## [Task goal]
Copy the lines below exactly. No picture goes into the copy.

───── Data for this exercise

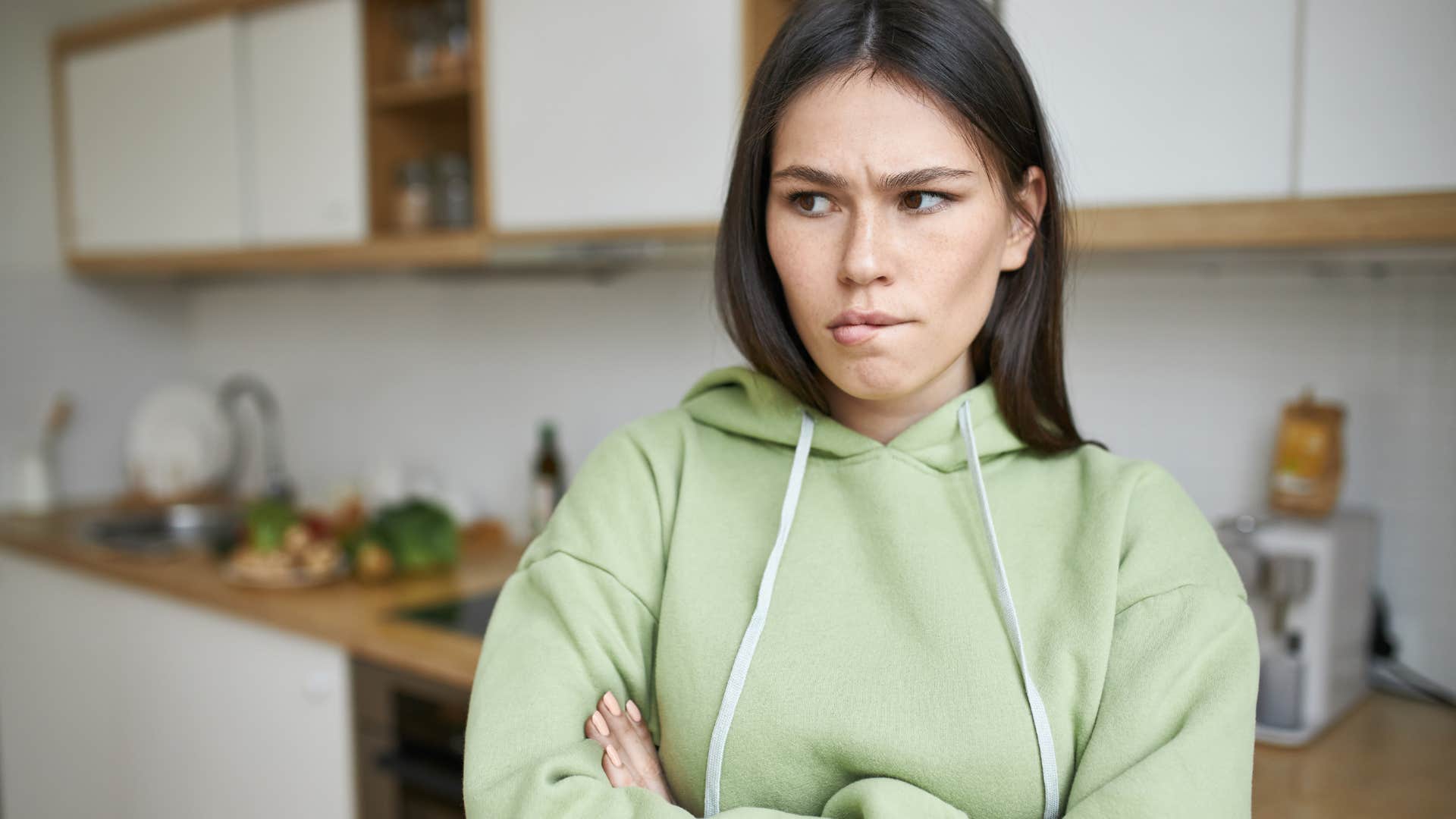 woman in green hoodie being stubborn in a cute way as she pouts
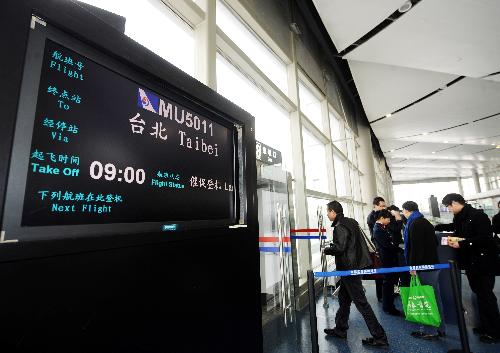 Tourists walk past the boarding gate at Taiyuan Wusu Airport in Taiyuan, north China's Shanxi Province, on Feb. 10, 2010. [Xinhua]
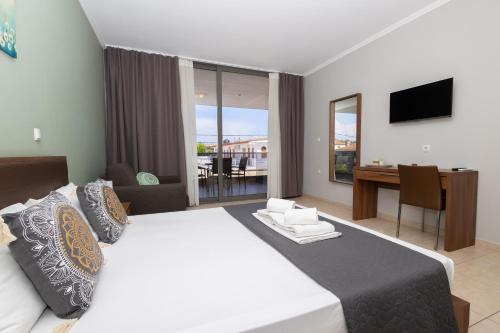 a hotel room with a large bed and a desk at Centrum Rooms in Kallithea Halkidikis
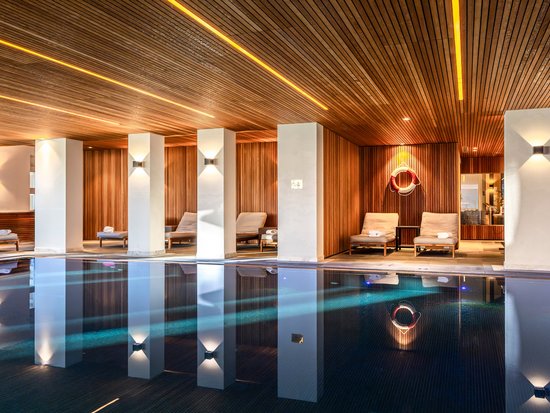 Hotel mit Pool im Allgäu: Allgäu Sonne Beheizter Innenpool mit Holzdecke und Liegestühlen in einem stilvollen Wellnessbereich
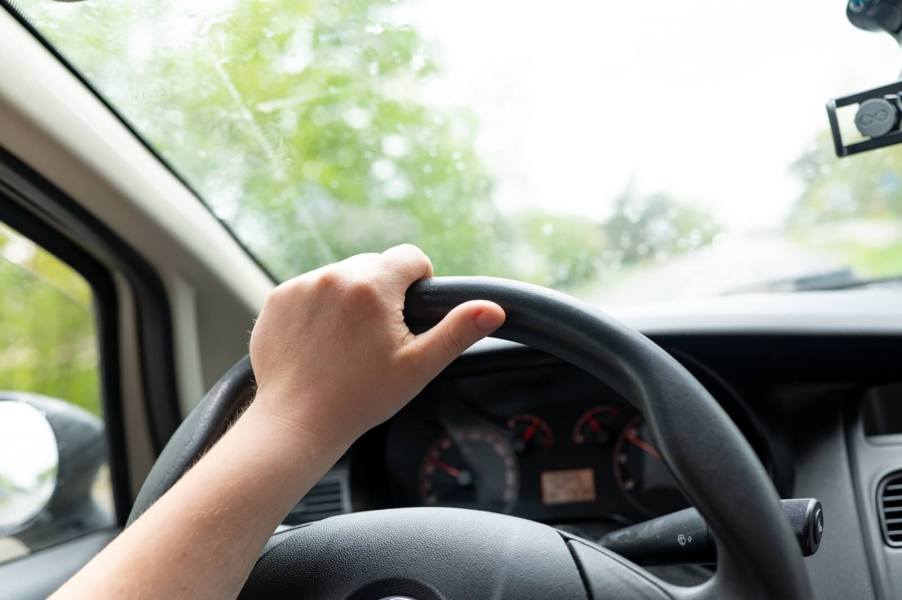 A driver with incorrect hand placement committing one of the most common driving mistakes.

──────────

## [Task output]
 woman in green hoodie being stubborn in a cute way as she pouts
 Tourists walk past the boarding gate at Taiyuan Wusu Airport in Taiyuan, north China's Shanxi Province, on Feb. 10, 2010. [Xinhua]
 a hotel room with a large bed and a desk at Centrum Rooms in Kallithea Halkidikis
 Hotel mit Pool im Allgäu: Allgäu Sonne Beheizter Innenpool mit Holzdecke und Liegestühlen in einem stilvollen Wellnessbereich
 A driver with incorrect hand placement committing one of the most common driving mistakes.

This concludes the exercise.